Here's a piece of code to compute all primes from 2 to 1000 using the statement, that a number n is a prime number iff:
In the first version I think that I implemented the algorithm correctly:
public class Giuga {
public static void main(String[] args){
int n = 2;
while(n<=1000){
int k = 1;
long sum = 0;
while(k<=n-1){
sum = sum+(long)Math.pow((double)k,(double)n-1);
k++;
}
if(sum%n==n-1){
System.out.println(n + " is a prime.");
}
n++;
}
}
}
But, since the variable sum
grows rapidly, an overflow happens and after the prime number 17 there will be no output anymore.
To prevent that I have to use this:
Well, I did that and here is my 2. version:
public class Giuga {
public static void main(String[] args){
int n = 2;
while(n<=1000){
int k = 1;
long sum = 0;
while(k<=n-1){
sum = sum+((long)Math.pow((double)k%n,(double)n-1))%n; //Here are the changes
k++;
}
if(sum%n==n-1){
System.out.println(n + " is a prime.");
}
n++;
}
}
}
I think I did it correctly, but now the output stops after the prime number 13.

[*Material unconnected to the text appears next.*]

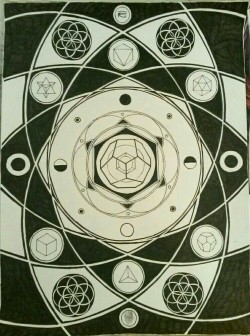 psychedelic-aliens:  “The knowledge of which geometry aims is the knowledge of the eternal”- PlatoArt by me
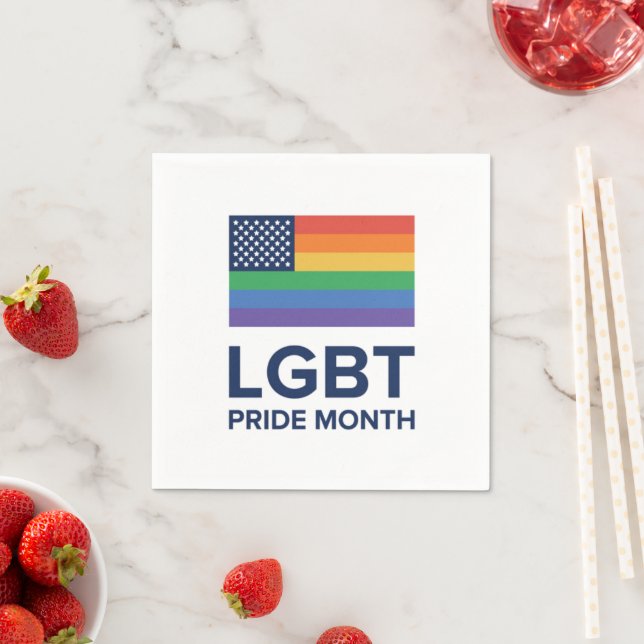 LGBT Pride Month | United States Napkin (Insitu)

I'm trying to find my mistake for quite some time now. What am I doing wrong? There must be 168 primes from 2 to 1000.
As has been pointed out, double
s, which only have about 16 digits of precision, aren't precise enough to maintain the correct remainders for calculations on high enough numbers.
You can switch to long
s and perform you own modular exponentiation.
int k = 1;
long sum = 0;
while(k<=n-1){
long pow = 1;
for (int i = 0; i < n - 1; i++)
pow = (pow * k) % n;
sum = (sum + pow)%n;
k++;
}
This algorithm could be improved by changing this straightforward modular exponentiation to using modular exponentiation by repeated squaring, and it's not the most efficient prime finding algorithm, but it is now correct.
2 is a prime.
3 is a prime.
5 is a prime.
7 is a prime.
11 is a prime.
13 is a prime.
17 is a prime.
19 is a prime.
23 is a prime.
29 is a prime.
31 is a prime.
(snip)
977 is a prime.
983 is a prime.
991 is a prime.
997 is a prime.
To make it modular exponentiation by repeated squaring, replace
long pow = 1;
for (int i = 0; i < n - 1; i++)
pow = (pow * k) % n;
with
long pow = 1;
long square = k;
int exp = n - 1;
while (exp > 0)
{
if ((exp & 1) == 1)
{
pow = (pow * square) % n;
}
square = (square * square) % n;
exp >>= 1;
}
It tests each bit of the exponent in succession, and multiplies the current square in to pow
if it's set.
Java double
s (i.e., the outputs of pow
) do not represent large numbers precisely enough to yield a correct remainder. You should switch to modular exponentiation.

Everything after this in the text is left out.